Правда, эта темнота не столь безжалостно черна, как та, что за его веками. Он может различить серое пятно там, где должно находиться окно.
Окно его спальни. Томас лежит на своей кровати. Холодок на коже его ног и груди и давление резинки вокруг талии. Его трусы. Больше на нем ничего нет. Если не считать веревок, которыми примотаны к кровати лодыжки и левое запястье.
Постепенно к нему возвращаются остальные чувства. Пульсирующая боль. Звуки его дыхания.
Но нет, дыхание доносится с расстояния нескольких футов от него, так что это не его дыхание.
Чтобы проверить это, Томас задерживает дыхание. А звуки никуда не деваются. Вдох, выдох. Спокойное, размеренное дыхание.
В комнате находится кто-то еще.
Полицейский пришел проверить замки.
Томас сгибает правый локоть на кровати и пытается приподняться. Рука, быстро прижатая к его груди, вдавливает его обратно.
Томас силится что-то сказать. Что-нибудь. Первое, что приходит ему на ум.
– Кто там?
Молчание.
– Вы полицейский?
Молчание.
– Что случилось со мной?
Наконец ответ:
– Вы ударились головой.
– Который сейчас час?
Вспышка светящихся стрелок на наручных часах.
– Десять минут первого. Полночь миновала. Уже понедельник. Ты видишь меня, Томас?
– Да.
– Не закрывай глаза. Оглядись по сторонам. Убедись, что твое ночное зрение работает.
Голос полицейского в темноте.
Томас смотрит по сторонам, и проявляющиеся очертания становятся все более отчетливыми. Проступают предметы. Стул у окна, комод под зеркалом.
На кровати Томаса, сбоку, сидит Серебряный Язык. Грудь его обнажена, его вес складками вдавливает простыню.
На руках у него резиновые перчатки.
Рядом с ним на кровати длинный темный предмет. Та самая продолговатая сумка.
Серебряный Язык шарит в сумке и вынимает что-то квадратное и блестящее. Пластиковый коврик. Он встает с кровати, подкладывает пластик и садится снова.
– Что вы делаете?
Нет ответа.
Серебряный Язык снова смотрит на сумку.
В полумраке поблескивает металл.
Нож.
– О Господи нет! О, пожалуйста, Господи, нет.
Томас закрывает глаза.
Только не нож. Что угодно, только не нож.
– Томас. Посмотри на меня.
Томас открывает один глаз.
Серебряный Язык наносит себе порезы.
Он пробегает ножом по правому боку, как раз под грудной клеткой. На белой коже темная линия крови держится идеально прямо, а потом начинает капать, как дождевые капли на оконную раму.

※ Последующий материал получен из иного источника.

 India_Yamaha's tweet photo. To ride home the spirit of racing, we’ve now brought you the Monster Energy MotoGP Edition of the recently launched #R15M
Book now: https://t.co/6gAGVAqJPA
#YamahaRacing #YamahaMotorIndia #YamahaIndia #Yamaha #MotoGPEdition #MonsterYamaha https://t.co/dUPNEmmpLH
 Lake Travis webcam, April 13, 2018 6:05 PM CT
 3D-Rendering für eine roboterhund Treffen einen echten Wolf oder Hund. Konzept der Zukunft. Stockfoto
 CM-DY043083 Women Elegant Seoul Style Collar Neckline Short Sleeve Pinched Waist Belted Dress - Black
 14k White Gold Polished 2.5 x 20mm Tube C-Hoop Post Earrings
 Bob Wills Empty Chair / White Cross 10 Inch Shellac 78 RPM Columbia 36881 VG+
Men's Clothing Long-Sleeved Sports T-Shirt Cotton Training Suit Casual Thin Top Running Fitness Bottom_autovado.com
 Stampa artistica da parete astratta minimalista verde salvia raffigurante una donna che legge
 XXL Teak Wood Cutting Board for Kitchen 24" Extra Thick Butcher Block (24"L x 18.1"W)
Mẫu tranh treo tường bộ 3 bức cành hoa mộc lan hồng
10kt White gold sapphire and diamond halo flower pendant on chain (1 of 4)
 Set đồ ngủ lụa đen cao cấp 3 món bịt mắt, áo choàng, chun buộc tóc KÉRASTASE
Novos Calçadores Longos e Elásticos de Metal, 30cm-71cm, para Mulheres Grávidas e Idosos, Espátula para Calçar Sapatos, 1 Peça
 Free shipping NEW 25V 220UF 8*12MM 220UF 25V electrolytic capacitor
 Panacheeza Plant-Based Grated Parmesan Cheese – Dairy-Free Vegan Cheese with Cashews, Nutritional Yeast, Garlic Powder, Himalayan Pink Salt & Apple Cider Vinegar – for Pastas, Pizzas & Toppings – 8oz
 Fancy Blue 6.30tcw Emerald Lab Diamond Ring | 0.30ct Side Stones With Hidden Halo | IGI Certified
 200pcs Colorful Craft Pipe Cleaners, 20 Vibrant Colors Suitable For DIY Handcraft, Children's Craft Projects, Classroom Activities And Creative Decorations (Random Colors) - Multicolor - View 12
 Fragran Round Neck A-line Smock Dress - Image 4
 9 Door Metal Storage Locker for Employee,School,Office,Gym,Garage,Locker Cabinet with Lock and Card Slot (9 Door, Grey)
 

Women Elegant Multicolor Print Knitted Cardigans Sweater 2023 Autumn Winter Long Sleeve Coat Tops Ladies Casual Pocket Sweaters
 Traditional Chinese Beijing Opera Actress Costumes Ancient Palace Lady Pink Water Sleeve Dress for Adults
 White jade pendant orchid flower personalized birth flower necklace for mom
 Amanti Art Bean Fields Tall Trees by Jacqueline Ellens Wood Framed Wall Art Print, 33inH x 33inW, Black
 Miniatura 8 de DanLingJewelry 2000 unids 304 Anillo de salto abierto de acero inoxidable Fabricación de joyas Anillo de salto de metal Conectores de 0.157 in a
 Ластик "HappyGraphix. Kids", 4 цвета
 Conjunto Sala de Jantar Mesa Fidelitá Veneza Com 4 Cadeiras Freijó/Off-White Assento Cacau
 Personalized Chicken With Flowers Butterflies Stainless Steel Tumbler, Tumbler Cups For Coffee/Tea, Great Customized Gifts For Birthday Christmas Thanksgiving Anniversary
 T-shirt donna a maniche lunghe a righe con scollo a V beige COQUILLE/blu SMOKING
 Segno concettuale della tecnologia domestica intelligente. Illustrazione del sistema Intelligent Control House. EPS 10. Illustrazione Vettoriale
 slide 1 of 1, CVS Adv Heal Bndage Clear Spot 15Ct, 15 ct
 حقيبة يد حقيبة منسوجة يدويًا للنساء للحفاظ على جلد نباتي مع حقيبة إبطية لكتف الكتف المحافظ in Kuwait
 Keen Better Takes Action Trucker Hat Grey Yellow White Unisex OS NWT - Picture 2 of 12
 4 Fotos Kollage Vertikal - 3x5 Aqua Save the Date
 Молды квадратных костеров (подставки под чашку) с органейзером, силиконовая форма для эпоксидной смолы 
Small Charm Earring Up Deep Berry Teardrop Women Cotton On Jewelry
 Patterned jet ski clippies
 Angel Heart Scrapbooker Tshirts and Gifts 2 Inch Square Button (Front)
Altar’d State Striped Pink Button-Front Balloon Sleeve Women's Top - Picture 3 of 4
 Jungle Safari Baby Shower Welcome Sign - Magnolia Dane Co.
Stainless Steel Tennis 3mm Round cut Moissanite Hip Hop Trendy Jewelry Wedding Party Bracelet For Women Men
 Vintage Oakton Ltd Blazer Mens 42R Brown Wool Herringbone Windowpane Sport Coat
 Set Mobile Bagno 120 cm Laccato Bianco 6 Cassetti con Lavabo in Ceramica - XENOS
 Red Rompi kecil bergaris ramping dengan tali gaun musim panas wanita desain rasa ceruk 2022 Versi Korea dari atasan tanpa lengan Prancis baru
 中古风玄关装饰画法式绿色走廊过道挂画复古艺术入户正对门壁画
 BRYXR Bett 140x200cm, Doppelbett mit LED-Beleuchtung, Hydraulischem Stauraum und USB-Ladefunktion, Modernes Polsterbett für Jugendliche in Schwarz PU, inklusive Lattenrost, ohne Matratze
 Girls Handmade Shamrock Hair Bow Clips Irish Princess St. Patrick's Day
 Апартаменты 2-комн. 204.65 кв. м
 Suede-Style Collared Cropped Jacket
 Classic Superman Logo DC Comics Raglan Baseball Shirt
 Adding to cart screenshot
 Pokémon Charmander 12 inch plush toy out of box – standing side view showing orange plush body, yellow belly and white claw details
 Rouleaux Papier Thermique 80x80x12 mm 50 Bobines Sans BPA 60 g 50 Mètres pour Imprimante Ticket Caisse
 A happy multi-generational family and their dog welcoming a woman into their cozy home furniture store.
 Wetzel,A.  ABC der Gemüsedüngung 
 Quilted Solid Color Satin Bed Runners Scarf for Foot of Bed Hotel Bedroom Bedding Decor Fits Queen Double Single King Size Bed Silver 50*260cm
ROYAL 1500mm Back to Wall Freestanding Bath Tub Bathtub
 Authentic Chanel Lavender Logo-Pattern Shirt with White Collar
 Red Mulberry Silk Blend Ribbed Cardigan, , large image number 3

Серебряный Язык вытирает рукой лезвие ножа и убирает нож в сумку. Похоже, что он не почувствовал никакой боли.
Белки его глаз поворачиваются в сторону Томаса.
– "Пока не вложу руки своей в ребра Его, не поверю".
Он протягивает руку и нашаривает правую руку Томаса.
– Дай мне твою руку, Томас.
Томас чувствует, как его руку направляют через огромный отрезок пространства и времени.
Серебряный Язык водит пальцы Томаса туда-сюда вдоль раны: сначала слегка по краям пореза, а потом глубоко погружая в клейкую, теплую влагу крови.
– Не будь неверующим, Фома, но поверь, ибо ты узрел меня, да будут же благословенны те, кто и не узрев, исполнился веры.
Кончики пальцев Томаса ощущают воздух, а потом пластик.